__Data below__:
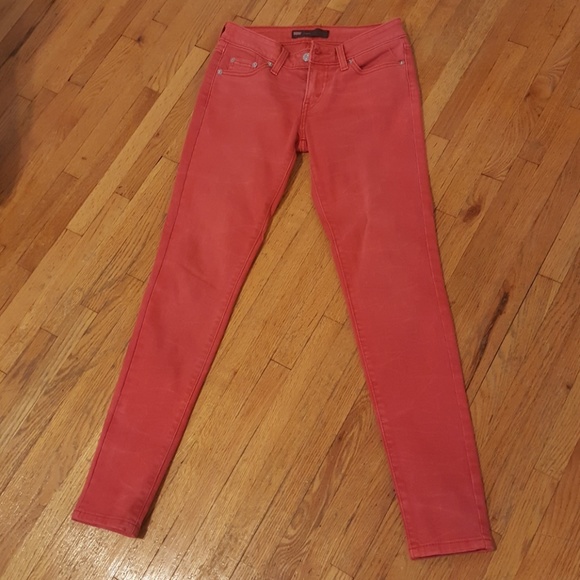 Jeans - Picture 1 of 3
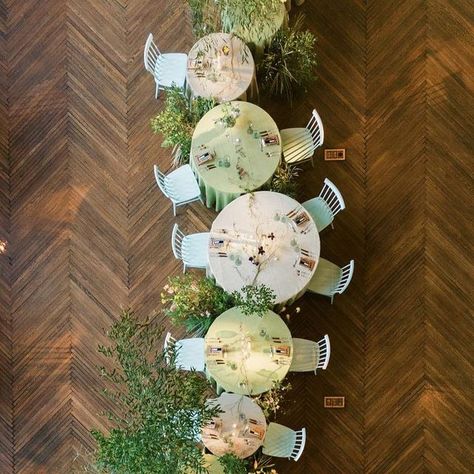 Jove Meyer on Instagram: "birds eye view of my caterpillar 🐛 table design in real life versus online layout!!! so fun to watch an event idea come to life!!! #eventdesign #interiors #green #earthday #jovemeyerevents 📷 @allanzepedaphoto" Wedding Welcome Baskets, Welcome Basket, Pink Tea, London Wedding, Island Weddings, Birds Eye View, Planner Design, Birds Eye, Wedding Welcome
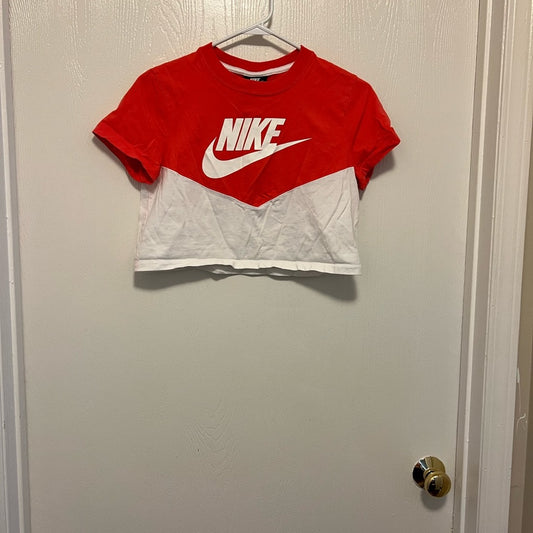 *nike crop tee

__Description of the task__:
Retype the whole listing above exactly as written. Skip the pictures.

__Problem solution__:
 Jeans - Picture 1 of 3
 Jove Meyer on Instagram: "birds eye view of my caterpillar 🐛 table design in real life versus online layout!!! so fun to watch an event idea come to life!!! #eventdesign #interiors #green #earthday #jovemeyerevents 📷 @allanzepedaphoto" Wedding Welcome Baskets, Welcome Basket, Pink Tea, London Wedding, Island Weddings, Birds Eye View, Planner Design, Birds Eye, Wedding Welcome
 *nike crop tee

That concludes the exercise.